**Problem statement**
Your task is to copy all of the data exactly.

**Information supplied**
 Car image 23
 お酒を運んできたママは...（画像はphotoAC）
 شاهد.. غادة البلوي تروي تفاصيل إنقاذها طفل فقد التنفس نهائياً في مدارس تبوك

**Exercise response**
 Car image 23
 お酒を運んできたママは...（画像はphotoAC）
 شاهد.. غادة البلوي تروي تفاصيل إنقاذها طفل فقد التنفس نهائياً في مدارس تبوك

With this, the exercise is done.